One example of a multi-denomination coin acceptor is described in EP-A-1560168. The acceptor 5 includes a coin rundown path 8 along which coins under test from the first coin feed path 6 run edgewise through a sensing station S that includes sensors S1, S2, S3, which may comprise inductive and/or optical sensors to determine conductive/optical characteristics of a coin under test. As well known in the art, the signals developed by the coin in the sensors S1, S2, S3 are compared using an internal microprocessor with stored values corresponding to acceptable coins of various denominations. If the coin under test is determined to be acceptable, a solenoid operated gate 9 is opened to allow the coin to pass along a coin accept path 10 to a sorter 11 to be sorted according to denomination. A credit sensor S4 may be used to check that the accepted coin has passed into the accept path to permit credit corresponding to the accepted coin to be attributed to it. If the coin is not authenticated as a true coin of one of the denominations under test, it is passed along a non-accept path 12 towards a solenoid operated recycle gate 13 which is operated under the control of a controller 14. The non-accepted coin can be directed by the recycle gate 13 either to a reject path 15 or to a recycle path 16.

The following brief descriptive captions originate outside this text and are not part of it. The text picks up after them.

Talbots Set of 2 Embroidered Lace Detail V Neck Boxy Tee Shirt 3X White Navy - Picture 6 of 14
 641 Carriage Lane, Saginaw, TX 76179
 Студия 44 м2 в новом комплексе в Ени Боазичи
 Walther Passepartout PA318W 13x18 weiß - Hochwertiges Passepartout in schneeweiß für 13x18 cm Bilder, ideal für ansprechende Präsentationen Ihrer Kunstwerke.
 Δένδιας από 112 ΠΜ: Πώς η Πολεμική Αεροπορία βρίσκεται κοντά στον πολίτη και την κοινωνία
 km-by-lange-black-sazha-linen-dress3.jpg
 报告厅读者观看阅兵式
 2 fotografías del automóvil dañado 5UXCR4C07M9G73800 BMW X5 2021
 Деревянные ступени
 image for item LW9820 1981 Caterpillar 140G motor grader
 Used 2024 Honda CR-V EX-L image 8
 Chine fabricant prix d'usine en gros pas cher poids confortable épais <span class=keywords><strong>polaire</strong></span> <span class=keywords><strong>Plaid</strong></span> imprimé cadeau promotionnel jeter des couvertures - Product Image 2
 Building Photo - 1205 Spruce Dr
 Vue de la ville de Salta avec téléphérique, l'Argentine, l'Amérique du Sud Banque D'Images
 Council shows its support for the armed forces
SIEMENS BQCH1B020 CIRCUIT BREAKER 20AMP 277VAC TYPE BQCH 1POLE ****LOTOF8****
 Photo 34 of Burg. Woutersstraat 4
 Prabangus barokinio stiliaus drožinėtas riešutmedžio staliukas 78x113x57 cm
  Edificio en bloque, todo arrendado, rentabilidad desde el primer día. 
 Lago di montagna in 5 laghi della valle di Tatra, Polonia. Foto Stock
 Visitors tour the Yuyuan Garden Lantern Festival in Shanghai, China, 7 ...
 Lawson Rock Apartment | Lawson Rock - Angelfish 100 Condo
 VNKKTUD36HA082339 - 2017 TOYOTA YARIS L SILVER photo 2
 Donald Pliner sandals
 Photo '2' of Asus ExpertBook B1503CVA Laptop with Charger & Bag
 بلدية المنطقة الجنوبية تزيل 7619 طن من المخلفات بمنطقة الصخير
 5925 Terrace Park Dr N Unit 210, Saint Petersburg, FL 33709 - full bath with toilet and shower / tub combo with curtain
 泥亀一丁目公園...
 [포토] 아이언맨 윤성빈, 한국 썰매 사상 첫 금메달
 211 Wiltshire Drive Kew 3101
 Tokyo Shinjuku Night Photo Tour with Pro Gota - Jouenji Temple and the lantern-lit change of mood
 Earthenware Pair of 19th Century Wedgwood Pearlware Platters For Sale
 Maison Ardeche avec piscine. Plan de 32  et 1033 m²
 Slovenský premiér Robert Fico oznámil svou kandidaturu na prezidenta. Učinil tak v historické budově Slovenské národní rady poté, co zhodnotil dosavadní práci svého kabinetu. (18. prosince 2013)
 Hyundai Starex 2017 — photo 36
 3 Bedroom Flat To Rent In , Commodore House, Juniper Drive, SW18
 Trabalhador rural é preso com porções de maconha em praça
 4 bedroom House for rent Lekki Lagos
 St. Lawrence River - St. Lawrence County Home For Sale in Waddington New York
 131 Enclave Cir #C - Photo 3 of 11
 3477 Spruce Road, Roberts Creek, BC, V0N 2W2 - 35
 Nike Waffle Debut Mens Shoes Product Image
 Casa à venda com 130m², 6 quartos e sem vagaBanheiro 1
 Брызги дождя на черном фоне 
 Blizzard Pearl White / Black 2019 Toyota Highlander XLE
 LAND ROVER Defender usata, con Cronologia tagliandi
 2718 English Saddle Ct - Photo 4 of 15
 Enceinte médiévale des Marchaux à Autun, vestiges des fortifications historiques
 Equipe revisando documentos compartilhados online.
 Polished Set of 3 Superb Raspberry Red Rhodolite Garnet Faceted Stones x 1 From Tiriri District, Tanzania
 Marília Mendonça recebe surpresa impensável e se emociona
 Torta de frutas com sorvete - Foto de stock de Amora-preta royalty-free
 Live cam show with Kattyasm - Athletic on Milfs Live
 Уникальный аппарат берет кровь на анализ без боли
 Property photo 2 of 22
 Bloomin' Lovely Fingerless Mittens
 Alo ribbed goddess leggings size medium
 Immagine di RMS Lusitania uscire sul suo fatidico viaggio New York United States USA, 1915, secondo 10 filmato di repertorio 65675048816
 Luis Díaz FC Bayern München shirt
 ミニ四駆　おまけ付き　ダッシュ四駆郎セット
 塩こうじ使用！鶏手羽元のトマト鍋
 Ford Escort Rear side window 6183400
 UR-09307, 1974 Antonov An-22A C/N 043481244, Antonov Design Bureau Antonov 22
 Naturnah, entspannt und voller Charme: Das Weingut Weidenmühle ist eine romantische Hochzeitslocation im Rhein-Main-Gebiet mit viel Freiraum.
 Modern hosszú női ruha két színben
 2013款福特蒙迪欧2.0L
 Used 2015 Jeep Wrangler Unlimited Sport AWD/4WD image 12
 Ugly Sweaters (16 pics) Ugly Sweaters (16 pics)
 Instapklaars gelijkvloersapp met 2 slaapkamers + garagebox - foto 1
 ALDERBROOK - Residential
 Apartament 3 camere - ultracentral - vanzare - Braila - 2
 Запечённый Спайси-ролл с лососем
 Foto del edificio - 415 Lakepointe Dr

When the coin is directed to the reject path 15 it is returned to the user. To this end, a second coin feed path 17 is provided, defined by a second endless loop conveyor to be described in more detail hereafter, having a path of travel partially shown in dotted outline in
Alternatively, the recycle gate 13 may direct the non-acceptable coin to the coin recycle path 16, to be fed to the first coin feed path 6 and returned to the inlet 7 of the acceptor 5, so as to make a second attempt to authenticate the coin under test. Non-acceptable coins may pass more than once along the recycle path 16 and the first coin feed path under the control of controller 14, which operates the recycle gate 13.
The acceptor 5 provides electrical signals on line 20 indicating the acceptability of individual coins under test. This data is fed to the controller 14, which permits the controller to control operation of the recycle gate 13 for coins indicated to be non-acceptable by the acceptor 5. The data on line 20 also indicates the denomination of acceptable coins tested in the acceptor 5.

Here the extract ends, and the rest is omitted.